The proposal sparked a wave of pushback from an unlikely alliance of state regulators, environmental groups and even a prominent company in the business of nuclear waste management.
“We regret to find ourselves in such definitive opposition to an NRC staff proposal,” the Texas-based company Waste Control Specialists wrote in formal comments to regulators in July. “We are not accustomed to being in this position.”
In a notice released Wednesday, the regulators said they would abandon the plan after receiving more than 15,000 public comments, with the “vast majority” expressing opposition.
“The NRC staff assesses that the potential main benefit of the proposed interpretive rule — the potential for fewer regulatory approvals related to disposal at an authorized disposal site — would not outweigh the costs of implementing the proposed interpretive rule,” the notice states.

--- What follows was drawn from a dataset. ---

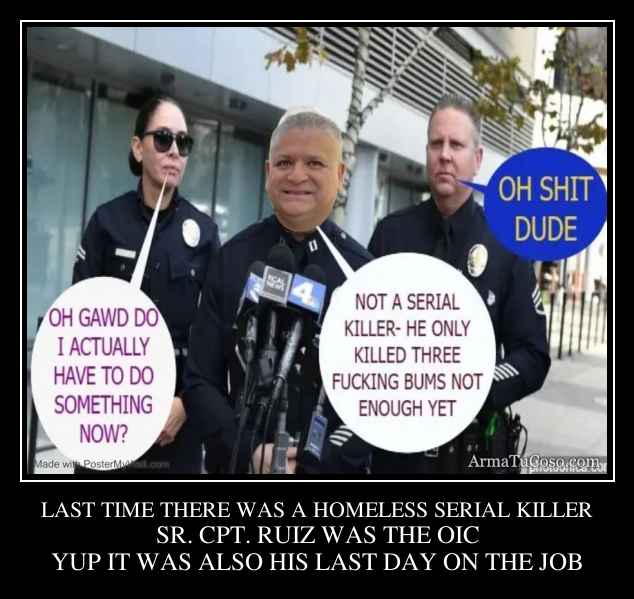 LAST TIME THERE WAS A HOMELESS SERIAL KILLER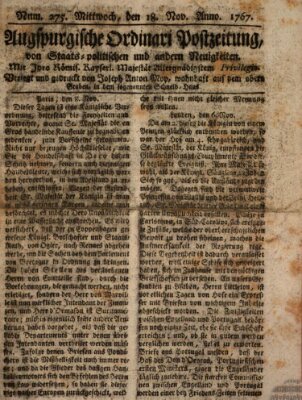 Augsburgische Ordinari Postzeitung von Staats-, gelehrten, historisch- u. ökonomischen Neuigkeiten (Augsburger Postzeitung) Mittwoch 18. November 1767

An NRC spokesperson said those costs refer to staff time the commission would have to spend on implementing the plan along with “agreement states” that would need to be brought on board, not to any alleged environmental costs.
“We have strongly disputed the argument by various groups who misrepresented the proposal as deregulation of radioactive waste disposal,” spokesperson David McIntyre said. “This would not have changed anything, just made an existing case-by-case approval process more efficient.”
Critics had urged the commission to abandon the plan for a variety of reasons, ranging from environmental fears to concerns about how reinterpreting rules could logistically complicate nuclear waste management at the state level.
In August, an official with the Texas Commission on Environmental Quality told Courthouse News the agency was opposed to the plan because it would “change everything about the way we do business in Texas.”
“We don’t see a need for change at this point,” said Ashley Forbes, deputy director of the agency’s radioactive materials division.
A TCEQ spokesperson said the agency had no comment on the plan being withdrawn.
In the notice Wednesday, federal regulators outlined the feedback they had received. Some commenters said the NRC should have launched a more thorough process for making new rules instead of simply trying to reinterpret existing rules, while others said the plan should have included a process where the public could help decide whether nuclear waste would be allowed at a particular disposal site.
Other changes to how the nation deals with the “very low-level” subset of nuclear waste could still be announced down the road. The NRC is in the midst of a years-long “scoping study” on the issue, in which regulators are exploring options for handling what is likely to be a sizable increase in nuclear waste in the years ahead as more and more nuclear power plants shut down.
“The staff will continue to monitor the external environment and seek innovations in the low-level waste regulatory program,” the NRC said in the notice Wednesday.